Brief: Exactly the lines from the one holding "Cozy kitchen and" through the end of the material below must be printed, nothing more, and the pictures must be dropped.

Collected data:
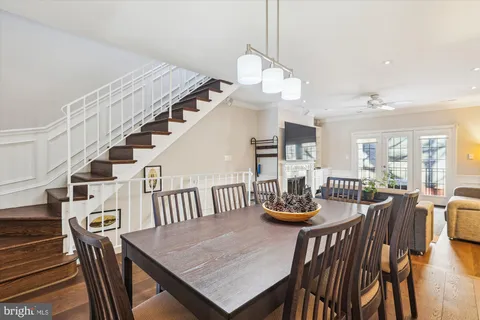a view of a dining room and livingroom with furniture wooden floor and a chandelier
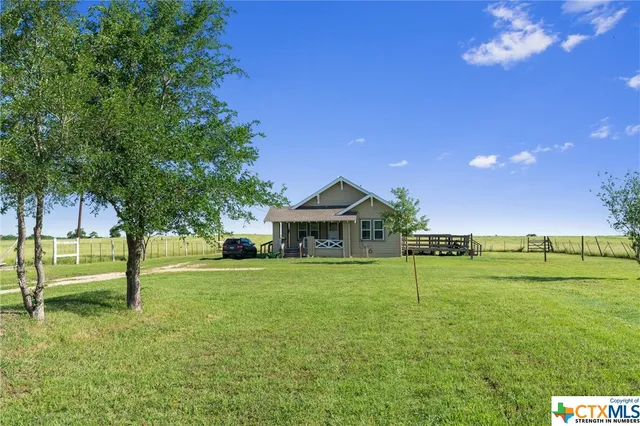 a view of a house with a big yard and a large tree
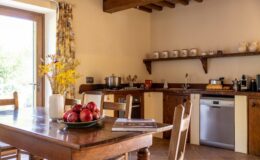 Cozy kitchen and dining area featuring a wooden table with a bowl of red apples, a vase of yellow flowers, and a view of the outdoors through a large window. The kitchen includes modern appliances, wooden cabinets, and a rustic decor style, creating a warm and inviting atmosphere.
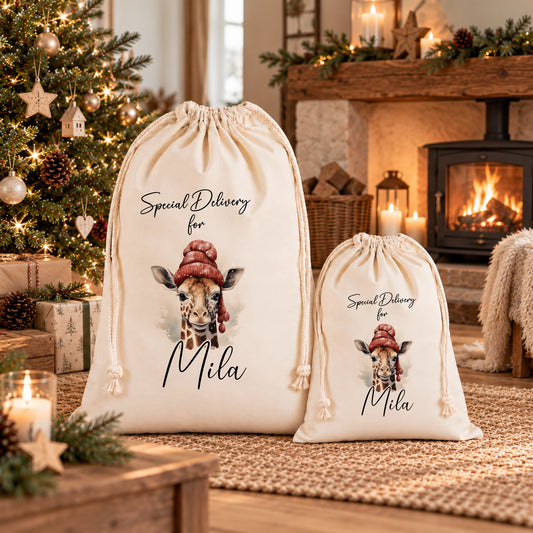 Two white drawstring bags with a giraffe design, placed in front of a Christmas tree and a fireplace.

Result for this exercise:
 Cozy kitchen and dining area featuring a wooden table with a bowl of red apples, a vase of yellow flowers, and a view of the outdoors through a large window. The kitchen includes modern appliances, wooden cabinets, and a rustic decor style, creating a warm and inviting atmosphere.
 Two white drawstring bags with a giraffe design, placed in front of a Christmas tree and a fireplace.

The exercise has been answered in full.